:: RECORD EXCERPTS ::

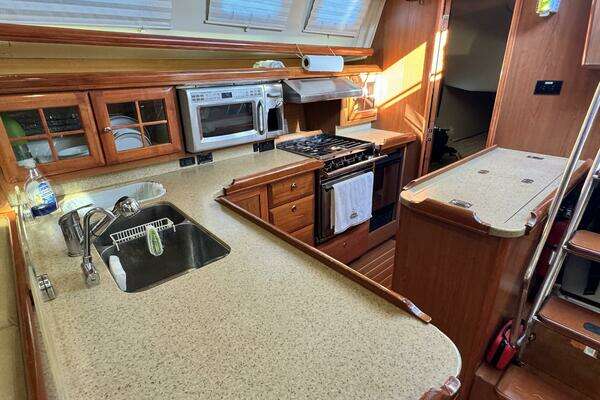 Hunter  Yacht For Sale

:::
:: RECORD EXCERPTS ::

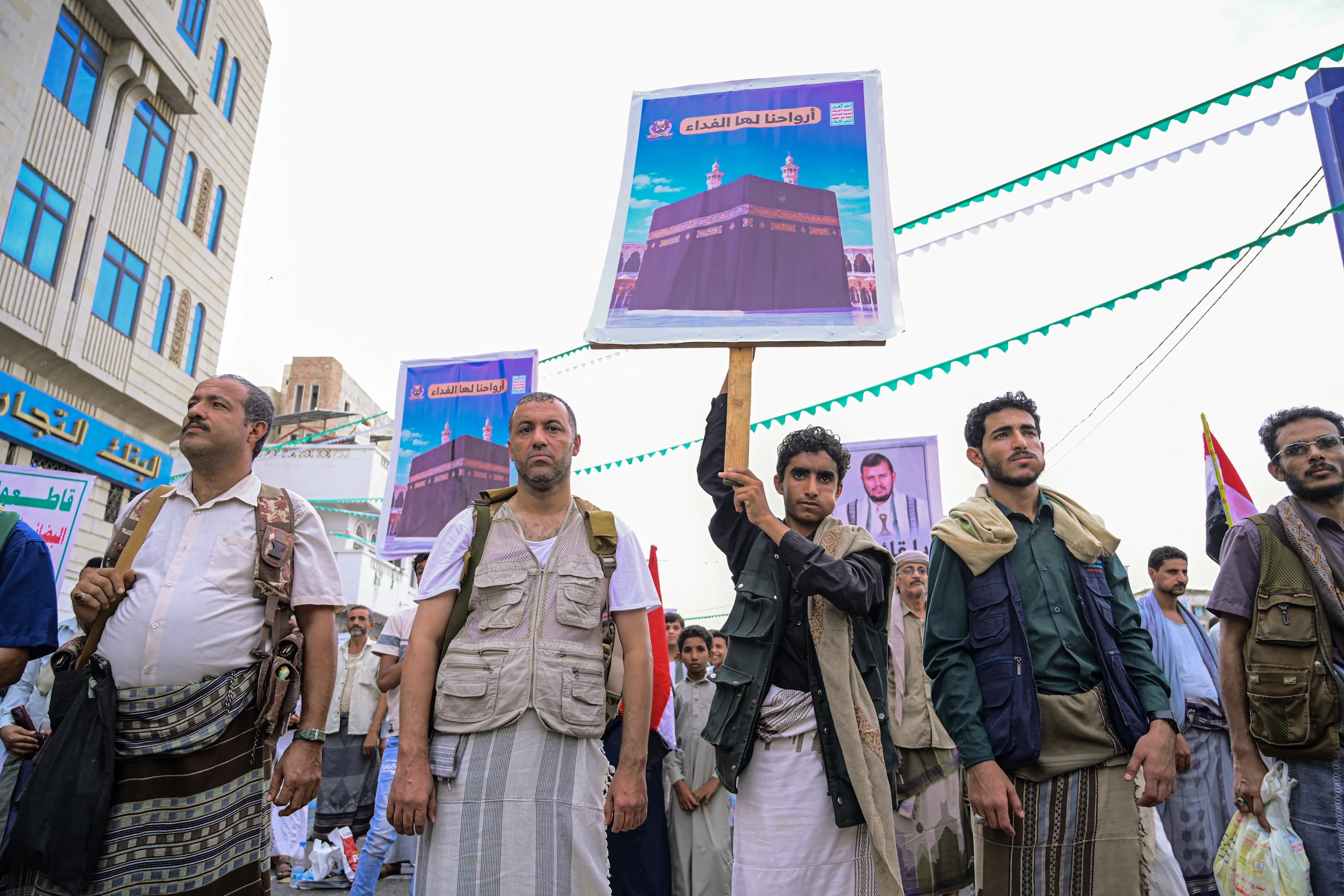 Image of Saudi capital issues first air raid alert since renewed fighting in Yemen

:::
:: RECORD EXCERPTS ::

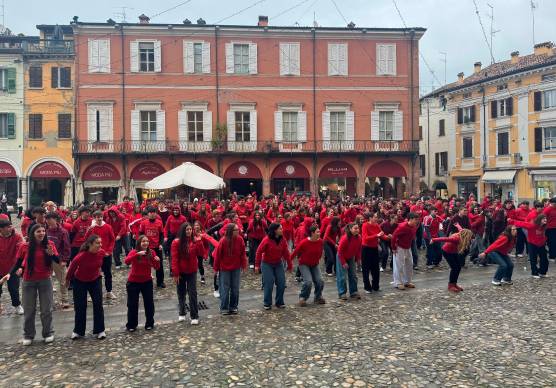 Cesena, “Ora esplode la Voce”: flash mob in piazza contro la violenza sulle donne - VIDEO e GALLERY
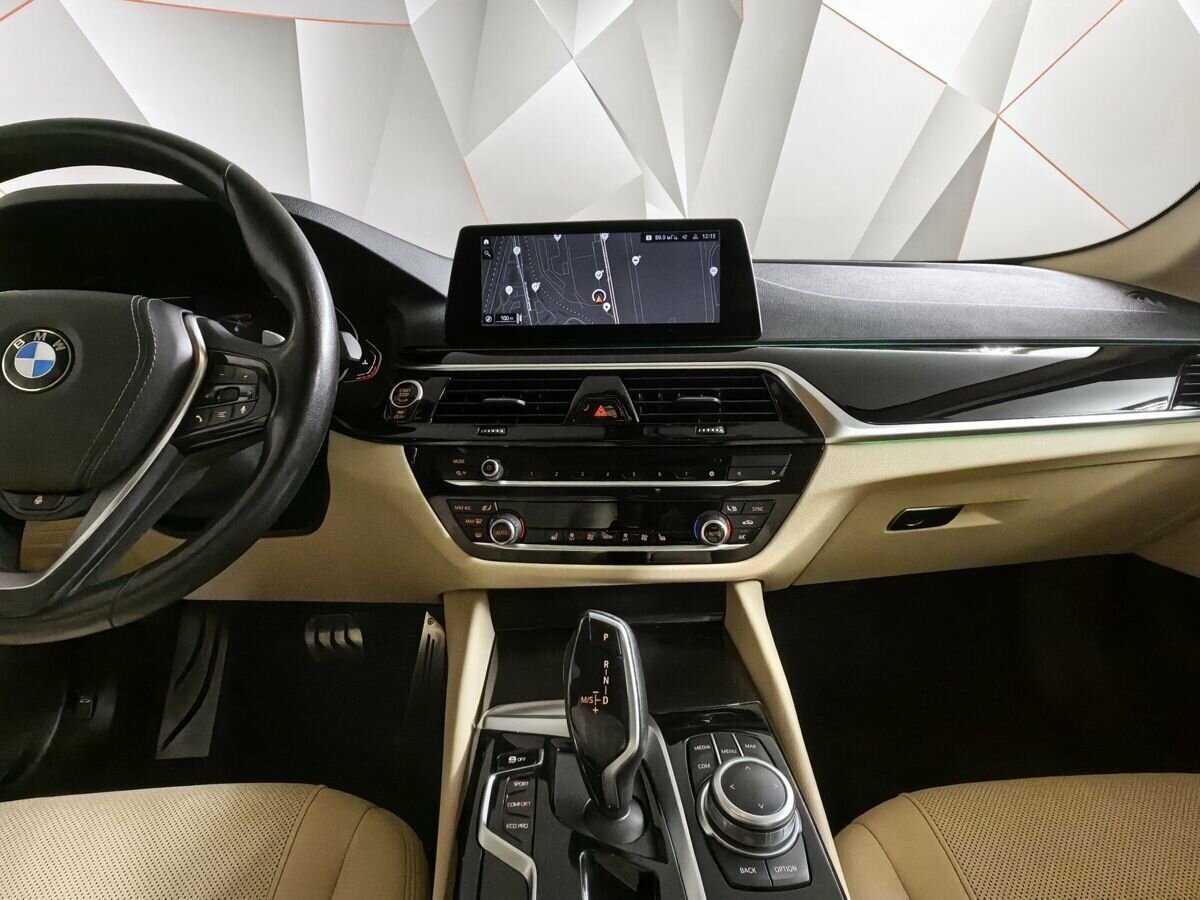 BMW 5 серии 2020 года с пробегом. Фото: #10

:::

EXERCISE OBJECTIVE:
Copy out exactly the material that runs from the line with "VIDEO e GALLERY" to the line with "BMW 5 серии 2020 года с пробегом. Фото: #10", ends included, and leave the pictures behind.

ANSWER:
 Cesena, “Ora esplode la Voce”: flash mob in piazza contro la violenza sulle donne - VIDEO e GALLERY
 BMW 5 серии 2020 года с пробегом. Фото: #10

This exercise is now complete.